__WHAT IS BEING ASKED__.
Could the records below please be retyped exactly, with their pictures left out?

MATERIAL FOR THE TASK Block Start

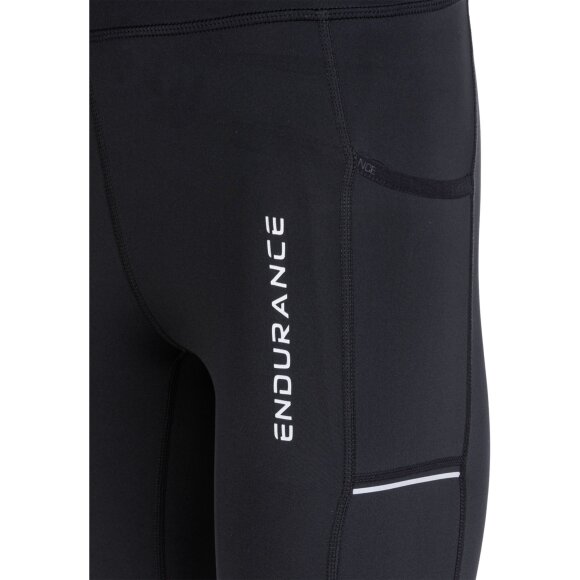 ENDURANCE - JR ENERGY SHORT TIGHTS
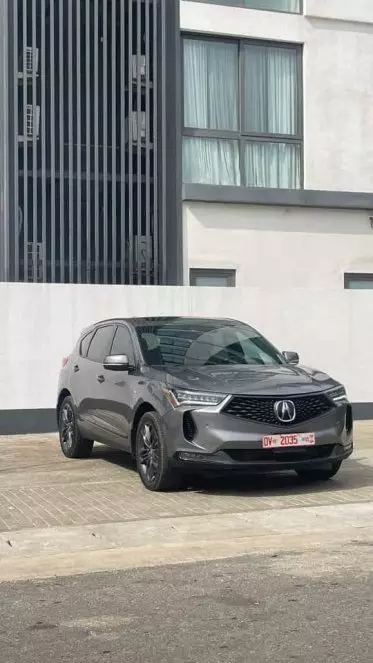 Acura RDX
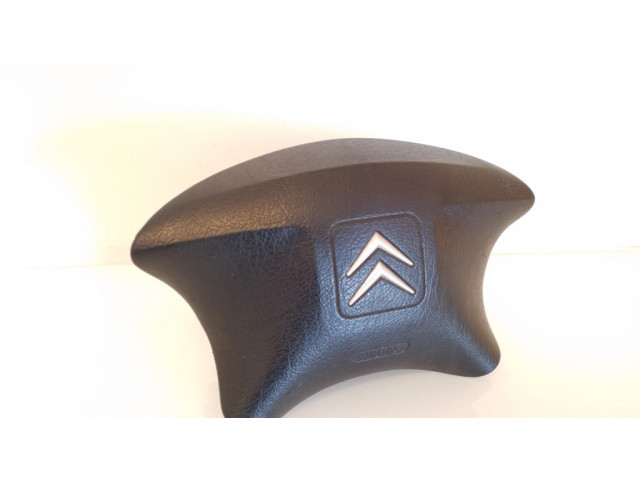 Надувная подушка для руля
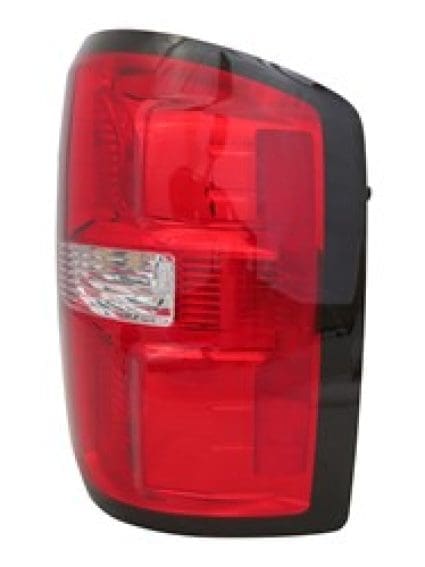 GM2801262C Rear Light Tail Lamp Assembly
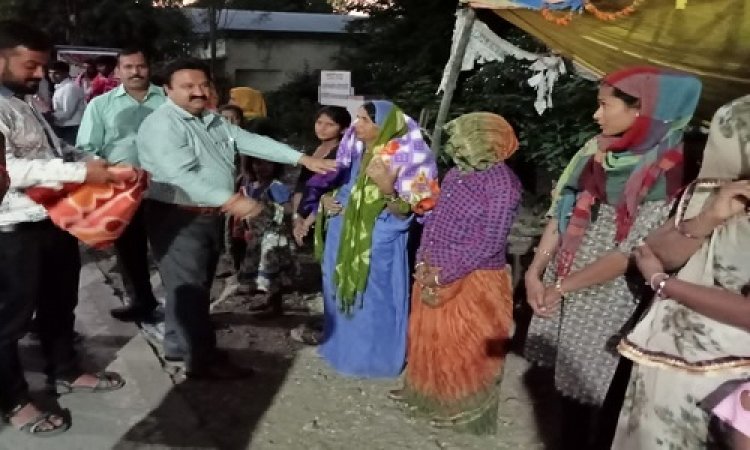 NEWS: नैकी का वाहन पहुंचा मनासा, इन क्षेत्रों में गई अधिकारीयों टीम, जरूरतमंदों के लिए उठाया ये बड़ा कदम, पढ़े खबर
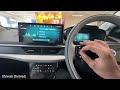 New tata nexon music system test  jbl sound system  tata nexon facelift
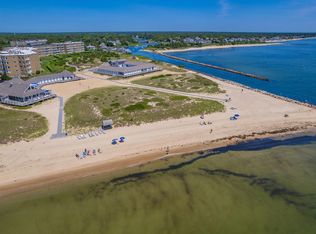 1 Belmont Rd #TOWNHOUSE 18, West Harwich, MA 02671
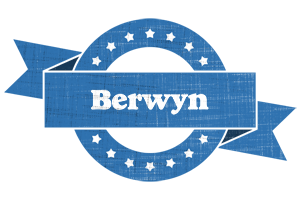 Berwyn trust logo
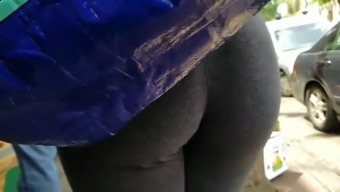 juicy high definition butt voyeur black ebony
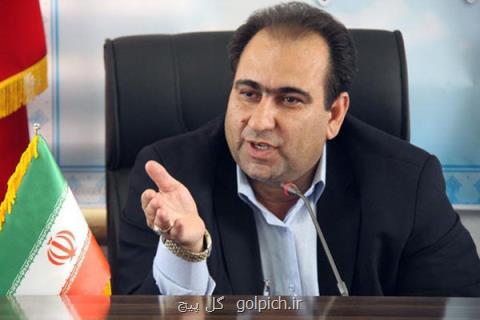 ۵ گورخر در پارك ملی كویر رها سازی شدند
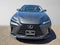 2026 Lexus NX 450h PLUS LUXURY AWD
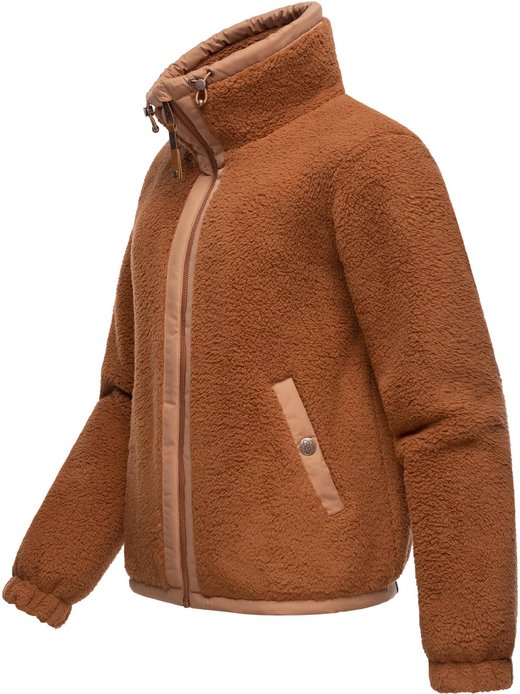 Damen Sweatjacke - Nordicka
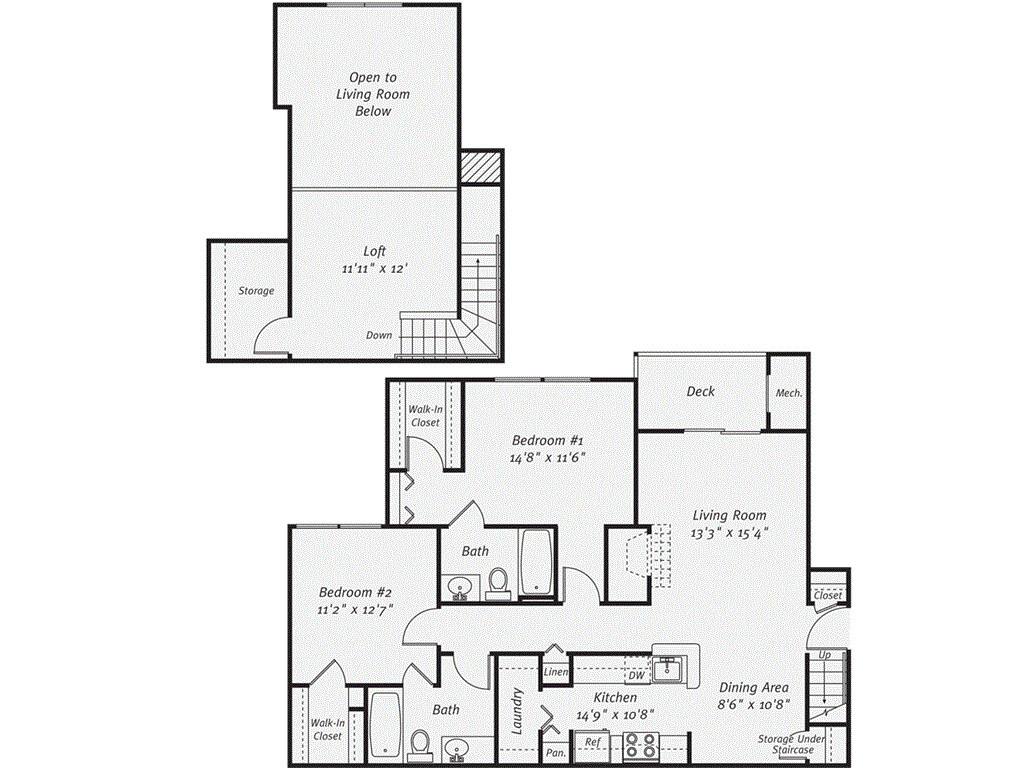 Apartment for rent at 100 Lexington Ridge Dr #1203, Lexington, MA 02421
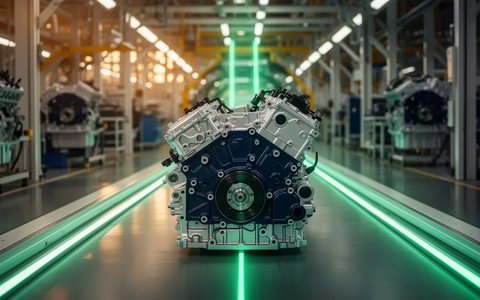 Steyr Motors Aktie: KNDS-Vertrag bis 2034 gesichert - Foto: über boerse-global.de
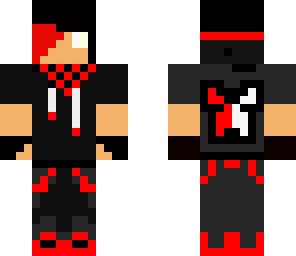 herobrines emo son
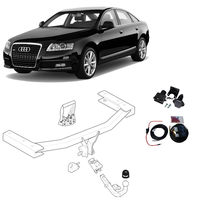 Brink Towbar for Audi A6 (05/2004-09/2011)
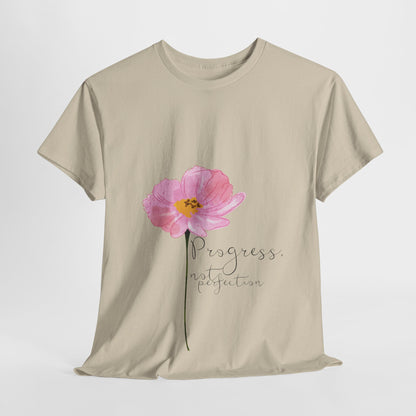 Pink Flower - The Floral Collection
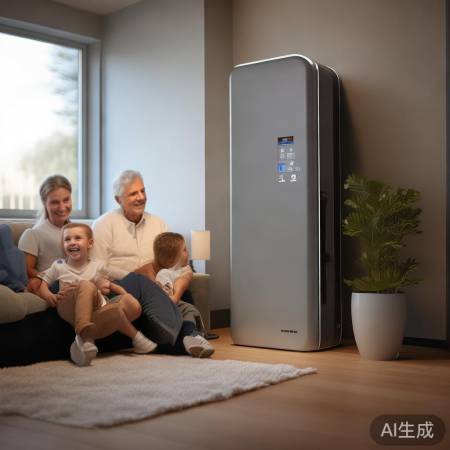 多重保护，安全温暖家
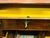 Late 19th Century 19th C Victorian Walnut Kneehole Desk With Key, Petite and Multipurpose For Sale - Image 5 of 11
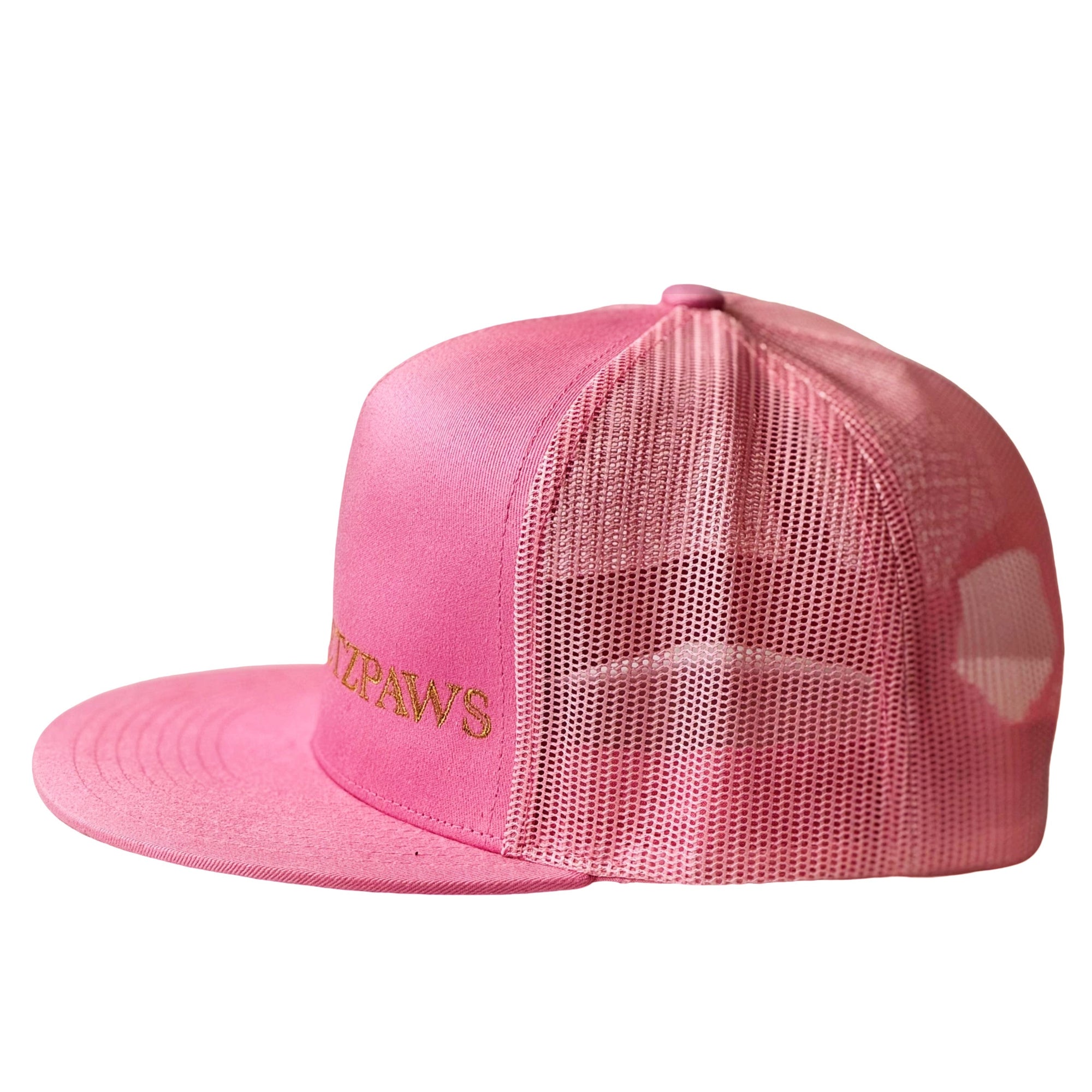 PetzPaws Dog Walking Trucker Caps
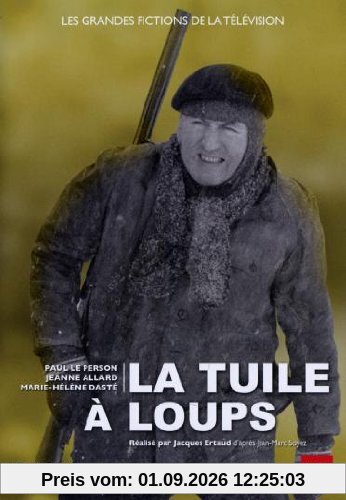 La tuile à loups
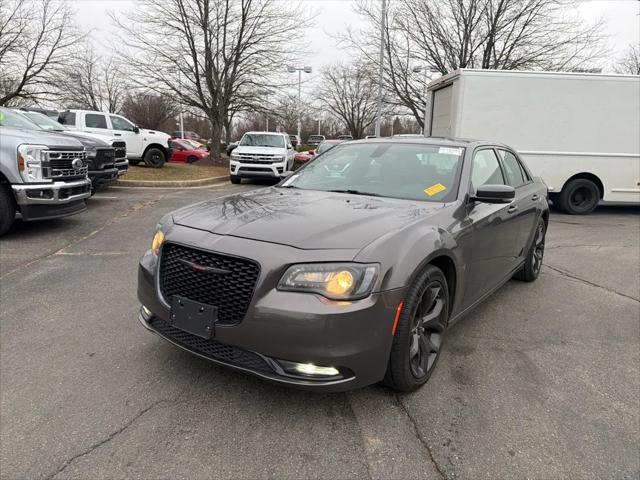 2023 Chrysler 300 300S 2023 Chrysler 300 300S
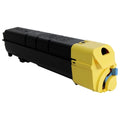 Printer Toner Cartridge for Kyocera TASKALFA 7052ci; Kyocera TASKALFA 8052ci by Texas Depot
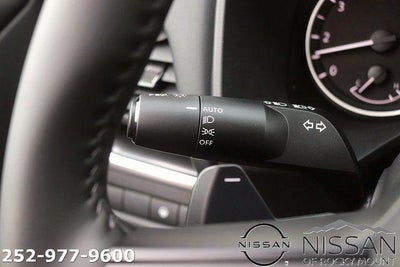 2026 Nissan Rogue 2026.5 FWD Dark Armor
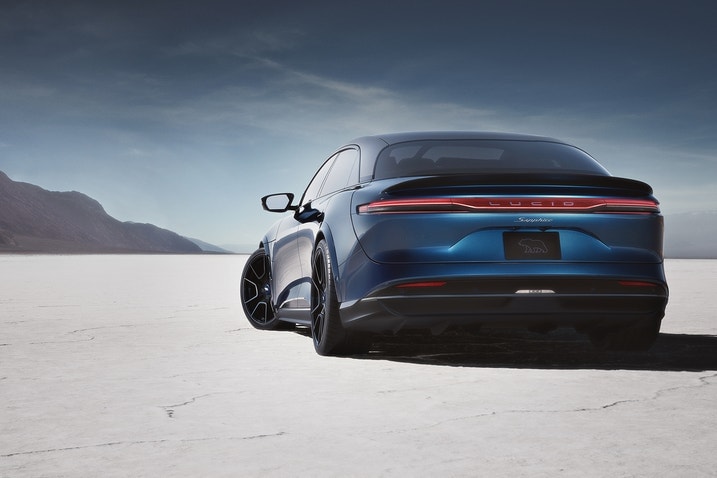 New Electric Car Companies in 2024 and Beyond Edmunds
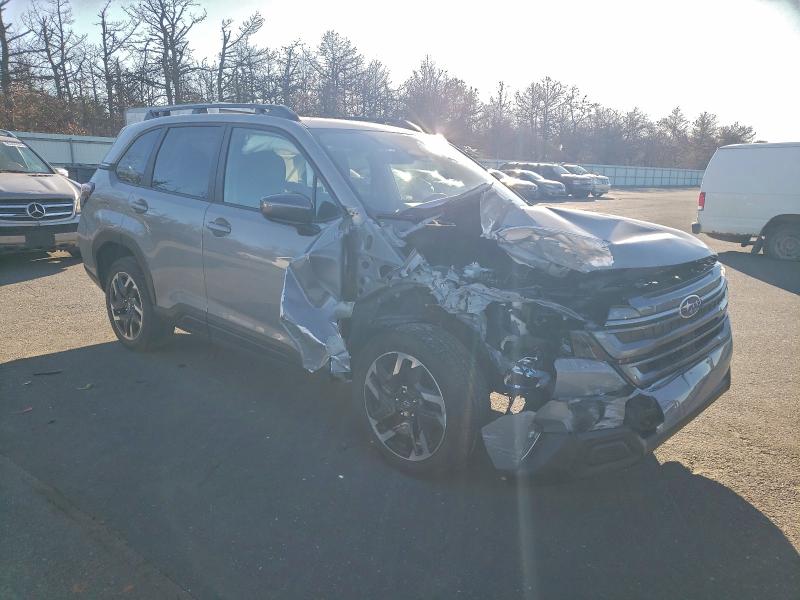 Фото 4 - SUBARU FORESTER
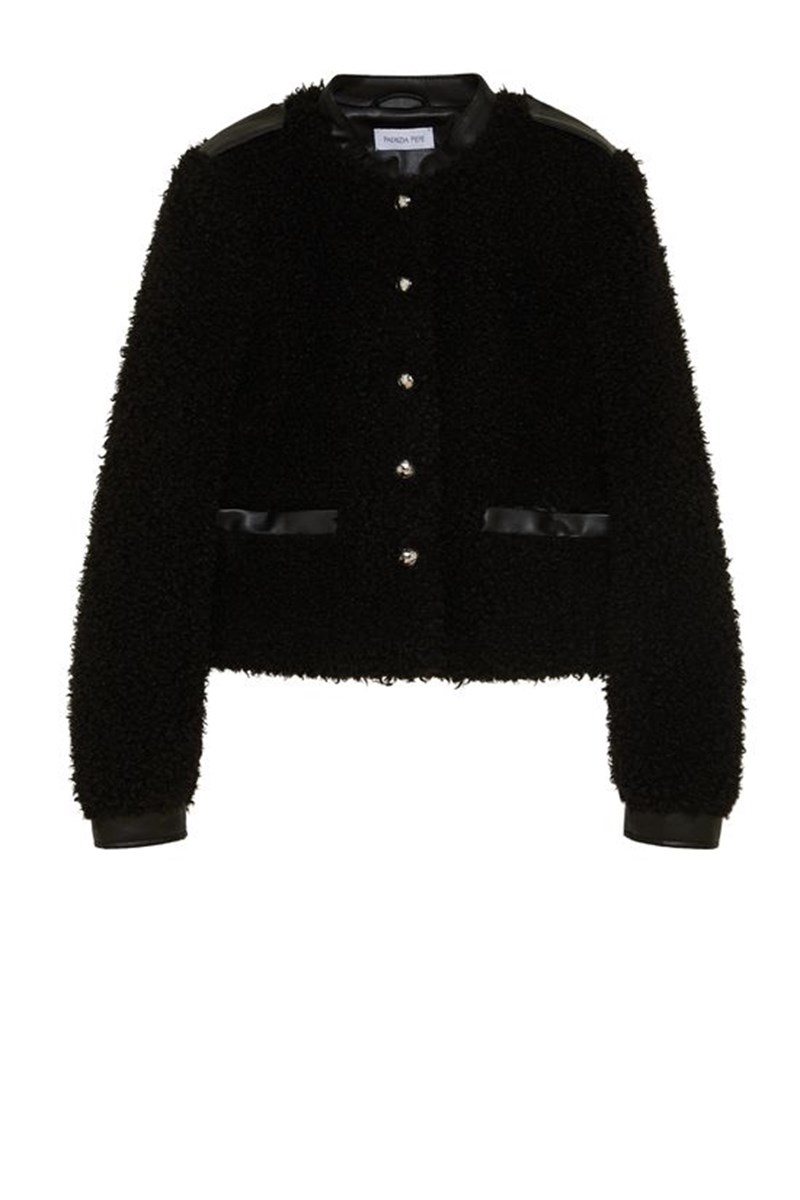 Patrizia Pepe: Η νέα συλλογή Φθινόπωρο / Χειμώνας 2024 περιλαμβάνει items που θα φορεθούν από το πρωί μέχρι το βράδυ - εικόνα 11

MATERIAL FOR THE TASK Block End

__RESPONSE BELOW__.
 ENDURANCE - JR ENERGY SHORT TIGHTS
 Acura RDX
 Надувная подушка для руля
 GM2801262C Rear Light Tail Lamp Assembly
 NEWS: नैकी का वाहन पहुंचा मनासा, इन क्षेत्रों में गई अधिकारीयों टीम, जरूरतमंदों के लिए उठाया ये बड़ा कदम, पढ़े खबर
 New tata nexon music system test  jbl sound system  tata nexon facelift
 1 Belmont Rd #TOWNHOUSE 18, West Harwich, MA 02671
 Berwyn trust logo
 juicy high definition butt voyeur black ebony
 ۵ گورخر در پارك ملی كویر رها سازی شدند
 2026 Lexus NX 450h PLUS LUXURY AWD
 Damen Sweatjacke - Nordicka
 Apartment for rent at 100 Lexington Ridge Dr #1203, Lexington, MA 02421
 Steyr Motors Aktie: KNDS-Vertrag bis 2034 gesichert - Foto: über boerse-global.de
 herobrines emo son
 Brink Towbar for Audi A6 (05/2004-09/2011)
 Pink Flower - The Floral Collection
 多重保护，安全温暖家
 Late 19th Century 19th C Victorian Walnut Kneehole Desk With Key, Petite and Multipurpose For Sale - Image 5 of 11
 PetzPaws Dog Walking Trucker Caps
 La tuile à loups
 2023 Chrysler 300 300S 2023 Chrysler 300 300S
 Printer Toner Cartridge for Kyocera TASKALFA 7052ci; Kyocera TASKALFA 8052ci by Texas Depot
 2026 Nissan Rogue 2026.5 FWD Dark Armor
 New Electric Car Companies in 2024 and Beyond Edmunds
 Фото 4 - SUBARU FORESTER
 Patrizia Pepe: Η νέα συλλογή Φθινόπωρο / Χειμώνας 2024 περιλαμβάνει items που θα φορεθούν από το πρωί μέχρι το βράδυ - εικόνα 11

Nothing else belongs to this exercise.